We repeat this procedure with a different measure, eigenvector centrality:

In [None]:
# Eigenvector centrality
ec = nx.eigenvector_centrality(G)
plt.figure(1, figsize=(10,7))
nx.draw(G, pos,
          with_labels=True,
          nodelist=ec.keys(),
          # node size is proportional to eigenvector centrality
          node_size = [d*10000 for d in ec.values()],  
          node_color=list(ec.values()),
          font_size=8,
          cmap=plt.cm.Reds,
          )

plt.show()

It is interesting to compare different centrality measures for the same graph and see how they are correlated. Below we visualize the correlation between degree centrality and eigenvector centrality of $G$:

In [None]:
# Correlation degree-eigenvector

# x corresponds to degree centrality values
xdata = list(dc.values()) 
# y corresponds to eigenvector centrality values
ydata = list(ec.values()) 

plt.figure(1, figsize=(7,7))
# for each node, we plot an "+" with coordinates equal to the values of its
# degree and eigenvector centrality
plt.plot(xdata,ydata, '+') 
plt.xlabel('Degree Centrality')
plt.ylabel('Eigenvector Centrality')

plt.show()

The two centralities appear to be correlated for this network. To explore this in more details it is useful to add node ids, so that we can see which are the nodes with higher or lower correlation.

In [None]:
# Adding node ids:

# We define a figure and we construct two subplots: 
# on the left we plot the centralities correlation diagram
# with node labels, on the right we draw the graph 
# with same node labels
fig = plt.figure(1, figsize=(14,7))
# add_subplot() returns the axes of the subplot
ax1 = fig.add_subplot(121)
ax2 = fig.add_subplot(122)

for v in range(len(G)):
    # Axes.text(x,y,s) add the text s to Axes instance (i.e., to the subplot)
    # at location x, y. For each node v we plot 
    # node ids in position (xdata[v], ydata[v]) where xdata = list(dc.values())
    # and ydata = list(ec.values())
    ax1.text(x = xdata[v], y = ydata[v], s=str(v))
# we set the limits for x and y scales

ax1.set_xlim(0, 0.6)
ax1.set_ylim(0, 0.4)
ax1.set_xlabel('Degree Centrality')
ax1.set_ylabel('Eigenvector Centrality')

nx.draw_networkx(G, pos, ax=ax2)

plt.show()

Observe that node 11 has degree 1, while node 16 has degree 2, so $dc(16)>dc(11)$.

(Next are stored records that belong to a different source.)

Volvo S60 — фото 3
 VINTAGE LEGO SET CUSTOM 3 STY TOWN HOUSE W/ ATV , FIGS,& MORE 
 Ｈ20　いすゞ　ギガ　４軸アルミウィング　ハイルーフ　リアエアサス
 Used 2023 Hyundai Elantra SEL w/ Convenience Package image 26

However, node 11 is connected to node 0, which has a large value of eigenvector centrality, while node 16 is connected to nodes 5 and 6, which have smaller values of centrality. For this reason, $ec(16)<ec(11)$.

**Invariant distribution centrality**: it generalizes the eigenvector centrality by taking into account that being connected to nodes that connect to many nodes is less important than being connected to nodes that connect with a few nodes.

$$
z = P'z
$$

**Katz centrality**: it generalizes the eigenvector centrality by assuming that nodes have also an intrinsic centrality. The centrality is the sum of the intrinsic centrality and the centrality given by the network.

$$
z =  \frac{1-\beta}{\lambda_W} W' z + \beta \mu\,, \quad \beta \in [0,1].
$$

If $\beta = 0$, the Katz centrality coincides with the eigenvector centrality. If $\beta = 1$, then $z=\mu$.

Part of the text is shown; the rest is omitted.